1. The research of data mining methods on the encrypted databases
The existing data mining methods on the encrypted database has a problem in that the access pattern is exposed to the cloud server, and high processing cost is required because all data are considered for data mining. In order to solve this problem, we study efficient data mining methods on encrypted databases. For this works, first, we study a privacy-preserving classification method that provides both security and efficiency on encrypted databases. Second, we study a privacy-preserving clustering method that provides security and efficiency on the encrypted database. Finally, we study a the privacy-preserving association rule mining method that provides both security and efficiency on the encrypted database. Figure 1 shows the data mining methods on the encrypted database.

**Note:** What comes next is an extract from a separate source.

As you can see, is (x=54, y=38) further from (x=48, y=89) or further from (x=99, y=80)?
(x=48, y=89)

2. The research of distributed parallel classification algorithm
We propose a distributed parallel classification algorithm based on Hadoop Map-Reduce by extending the previously proposed classification algorithm. In the proposed algorithm, we distribute the encrypted data to each server based on the node ID of kd-trees for parallel processing. The overall process consists of four steps as shown in figure 2: i)searching the encrypted index, ii)searching the kNN for classification, iii)verifying the query results, iv)classifying the categories.




i) In the encrypted index search step, we use the map function to allocate encrypted nodes to multiple distributed servers evenly, and use the reduce function to search for node candidates in the kd-tree adjacent to the query for the allocated nodes(Step 1).
ii) In the kNN search step for classification, each server independently searches for kNN candidates using a plurality of reduce functions, and merges the results to generate a final set of kNN data candidates(Step 2). iii) The verifying step allocates a set of kNN data candidates to each distributed server for each node by using a map function, and searches for nodes closer to the kNN query candidates found in the previous step by using a reduce function. If a nearby node is found, the final kNN is searched again through additional MapReduce (Step 3). iv) In the classification step, the classification category of kNN data candidates is searched using a map function, and the category frequency of kNN data is calculated using a reduce function to determine the final classification category to which the query belongs.

Introduction

History and Status : Since its establishment in 1992, the database laboratory has produced 17 doctor‘s degrees and 47 master's degrees to date in 2020. In addition, 1 ph.d student, 0 master's students, and 4 undergraduate students are currently working in the laboratory.

Lab Features : Database Lab features are as follows.
-First, you can conduct in-depth research on the latest fields of database such as information protection and cloud computing.
-Second, working skills improvement and research fund support are possible by participating in various related projects.
-Third, it is possible to acquire major knowledge and cultivate communication skills through senior junior relationship with family atmosphere.